◆ PROVIDED RECORDS:
- Opening Delimiter -
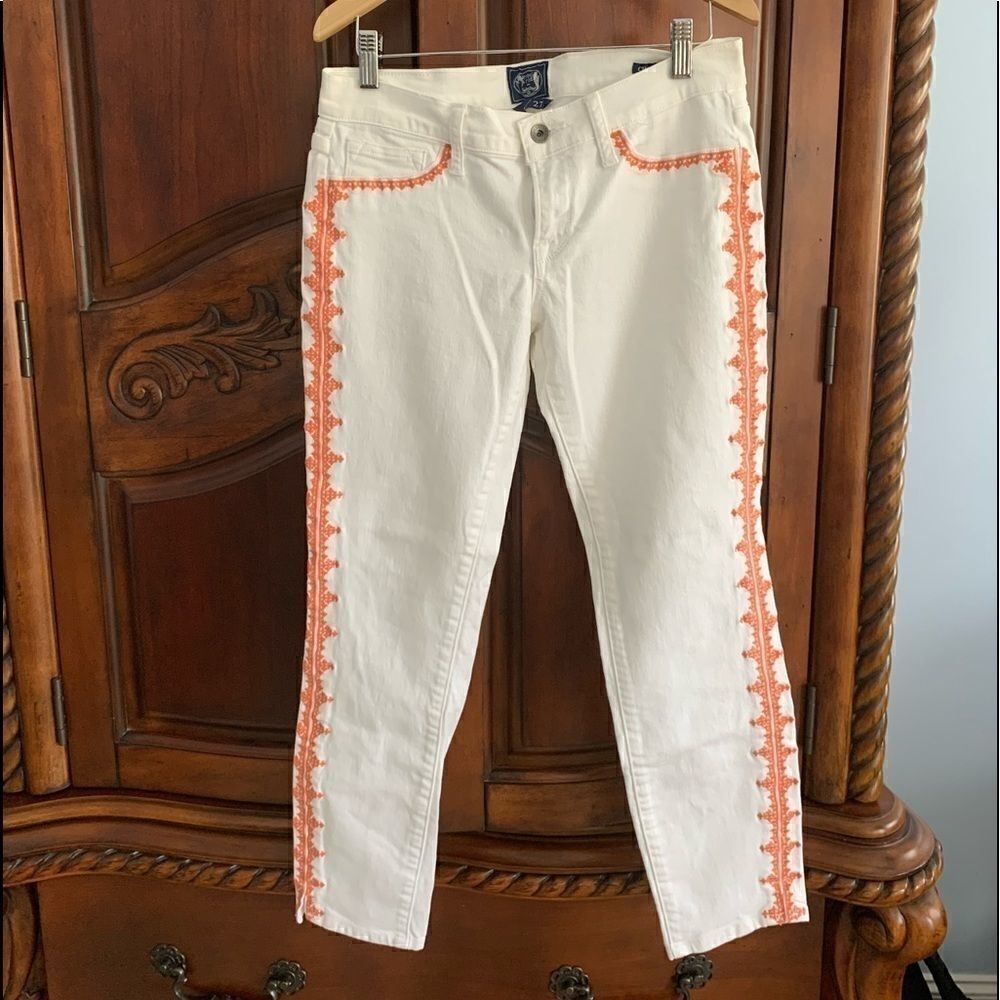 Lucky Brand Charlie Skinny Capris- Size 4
- Closing Delimiter -
- Opening Delimiter -
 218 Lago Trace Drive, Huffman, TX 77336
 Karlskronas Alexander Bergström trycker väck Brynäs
- Closing Delimiter -
Please transcribe exactly the lines above from the line that has "218 Lago Trace Drive, Huffman, TX 77336" up to and including the line that has "Karlskronas Alexander Bergström"; no other line belongs in the answer.

 218 Lago Trace Drive, Huffman, TX 77336
 Karlskronas Alexander Bergström trycker väck Brynäs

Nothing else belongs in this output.